Daniel Finchum has been artistic his whole life, but it wasn’t until two and a half years ago that he found his niche: wet plate photography.
Invented in the 1850s, the collodion wet plate process requires photographs to be coated, exposed and developed in a dark room, as well as a few other steps.
With millions of people taking photos with their smartphones daily, Finchum is among 2,000 people in the world who practice this style of photography.
Since the art takes a sensitive eye, patience, skill and time, the Kapaa resident honed his skills for an entire year before he started shooting photos.
“I do two schools of photography: I do digital and art and landscape pieces, which I had a show about two years now,” he said. “Since then, I’ve been doing the old school and focusing on the people of Kauai. I kind of go back and forth, but right now I go forth on this.”
On Jan. 21, Finchum will present 244 pieces of his work in the exhibition “Kama‘aina Soul — Anthology” at Kukui Grove Center in the Kauai Society of Artists Gallery.
Tell me about this show.
It’s all black and white, of course, because it’s done with original recipes from the 1850s. I’m using original lenses from that period. I’ve basically started soliciting on the Facebook page called Kauai Arts and Media page to get models to work with me.

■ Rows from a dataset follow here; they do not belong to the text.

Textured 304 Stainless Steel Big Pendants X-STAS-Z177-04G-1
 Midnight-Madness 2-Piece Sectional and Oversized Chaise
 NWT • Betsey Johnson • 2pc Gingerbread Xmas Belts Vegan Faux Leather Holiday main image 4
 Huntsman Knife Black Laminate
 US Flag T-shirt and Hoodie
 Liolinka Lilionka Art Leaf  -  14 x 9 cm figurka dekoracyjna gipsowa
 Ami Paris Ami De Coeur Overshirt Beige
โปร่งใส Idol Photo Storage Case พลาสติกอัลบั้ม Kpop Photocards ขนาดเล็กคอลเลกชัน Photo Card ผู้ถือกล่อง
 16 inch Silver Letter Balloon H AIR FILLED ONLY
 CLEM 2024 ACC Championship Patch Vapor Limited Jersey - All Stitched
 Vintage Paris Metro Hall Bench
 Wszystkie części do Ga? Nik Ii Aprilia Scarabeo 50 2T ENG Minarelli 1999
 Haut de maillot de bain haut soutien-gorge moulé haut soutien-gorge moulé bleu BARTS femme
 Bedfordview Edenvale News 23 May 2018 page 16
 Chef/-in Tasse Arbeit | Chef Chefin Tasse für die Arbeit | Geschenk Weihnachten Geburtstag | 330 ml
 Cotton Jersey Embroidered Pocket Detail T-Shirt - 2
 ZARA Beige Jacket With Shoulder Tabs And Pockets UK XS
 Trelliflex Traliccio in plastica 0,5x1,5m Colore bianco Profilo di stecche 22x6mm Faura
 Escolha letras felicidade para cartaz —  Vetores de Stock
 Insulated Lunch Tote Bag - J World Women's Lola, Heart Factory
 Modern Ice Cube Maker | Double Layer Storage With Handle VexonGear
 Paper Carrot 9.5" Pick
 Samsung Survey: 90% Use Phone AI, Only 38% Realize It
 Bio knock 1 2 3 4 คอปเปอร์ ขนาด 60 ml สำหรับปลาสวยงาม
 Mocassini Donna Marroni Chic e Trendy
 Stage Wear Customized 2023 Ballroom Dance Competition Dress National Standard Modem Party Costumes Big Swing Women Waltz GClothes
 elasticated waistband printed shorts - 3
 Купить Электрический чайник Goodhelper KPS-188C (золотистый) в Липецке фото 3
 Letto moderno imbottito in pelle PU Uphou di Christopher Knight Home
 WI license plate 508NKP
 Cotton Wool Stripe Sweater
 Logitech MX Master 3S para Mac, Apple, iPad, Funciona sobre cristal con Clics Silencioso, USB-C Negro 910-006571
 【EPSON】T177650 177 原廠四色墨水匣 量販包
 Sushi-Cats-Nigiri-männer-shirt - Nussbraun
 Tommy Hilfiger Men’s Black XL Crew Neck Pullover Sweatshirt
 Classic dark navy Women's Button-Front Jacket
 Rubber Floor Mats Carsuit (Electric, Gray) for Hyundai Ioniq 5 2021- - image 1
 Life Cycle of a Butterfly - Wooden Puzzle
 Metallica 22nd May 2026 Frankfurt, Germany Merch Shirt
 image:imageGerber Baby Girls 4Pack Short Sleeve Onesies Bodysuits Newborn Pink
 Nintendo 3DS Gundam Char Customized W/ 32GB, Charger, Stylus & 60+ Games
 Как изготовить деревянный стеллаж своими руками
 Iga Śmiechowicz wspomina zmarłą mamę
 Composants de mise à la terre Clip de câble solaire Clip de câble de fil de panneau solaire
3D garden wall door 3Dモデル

Some people had actually heard about this, but they just thought it’d be fun to participate. It sorta just grew from there. That’s why my body of work got so huge. I’d study it for a full year before I even made my first image. Each image takes about 20-30 minutes to make. This is very old school, very slow, tactile.
It’s raw; it’s troubleshooting. Anything can go wrong with the process because you’re working with chemicals, environment and all that. Even people, when they move, because it’s long exposure.
Each session takes about four to five hours and we may only get two to three pictures from it. The models seem to love it. From there it grew and other people contacted me. Before I knew it, I had 70 people that I photographed multiple times because I use them in different pieces.
I’m calling the show “Kama‘aina Soul” because a lot of people when they see the pieces they think, “It’s like they’re looking into my soul.” I’ve heard that many, many times. I’m calling it an anthology, too, because it’s a collection of stories told through their eyes or through our culture here on Kauai. I use them as models to pose in certain ways to speak about the history or culture or just living in Hawaii. Certain things are important to us like family.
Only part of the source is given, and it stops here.